Ntvnews.id, Beijing - Fenomena penurunan angka kelahiran tak hanya menjadi perhatian di Korea Selatan dan Jepang, namun juga menjadi kekhawatiran besar bagi China, negara dengan populasi mencapai 1,4 miliar jiwa.
Data dari Biro Statistik China menunjukkan bahwa hanya 9,54 juta bayi yang lahir sepanjang tahun 2024. Angka ini mencerminkan tren penurunan yang terjadi selama tiga tahun berturut-turut.

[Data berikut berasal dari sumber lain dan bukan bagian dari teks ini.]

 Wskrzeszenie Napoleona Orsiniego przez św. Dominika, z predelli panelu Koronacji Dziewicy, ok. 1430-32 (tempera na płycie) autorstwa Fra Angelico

Salah satu penyebab utamanya adalah keengganan masyarakat untuk memiliki anak, yang dipicu oleh tingginya biaya hidup dan mahalnya pengeluaran dalam membesarkan anak. Berdasarkan studi dari YuWa Population Research Institute, China termasuk salah satu negara termahal di dunia untuk membesarkan anak.
Diperkirakan biaya membesarkan seorang anak hingga usia 17 tahun di China mencapai rata-rata USD 75.700 atau sekitar Rp 1,2 miliar.
Baca Juga: Kamboja-Thailand Komitment Gencatan Senjata di Hadapan China
Selain angka kelahiran, jumlah pasangan yang menikah di China juga menurun hingga titik terendah. Banyak pasangan muda memilih menunda punya anak karena beban ekonomi dan kekhawatiran akan masa depan karier mereka.
Dilansir dari DW, Jumat, 1 Agustus 2025, untuk mengatasi masalah ini, pemerintah China menawarkan bantuan tunai sebesar USD 500 (sekitar Rp 8 juta) per anak bagi keluarga dengan anak di bawah usia tiga tahun. Kebijakan ini ditargetkan untuk membantu sekitar 20 juta keluarga dalam mengurangi beban biaya pengasuhan anak.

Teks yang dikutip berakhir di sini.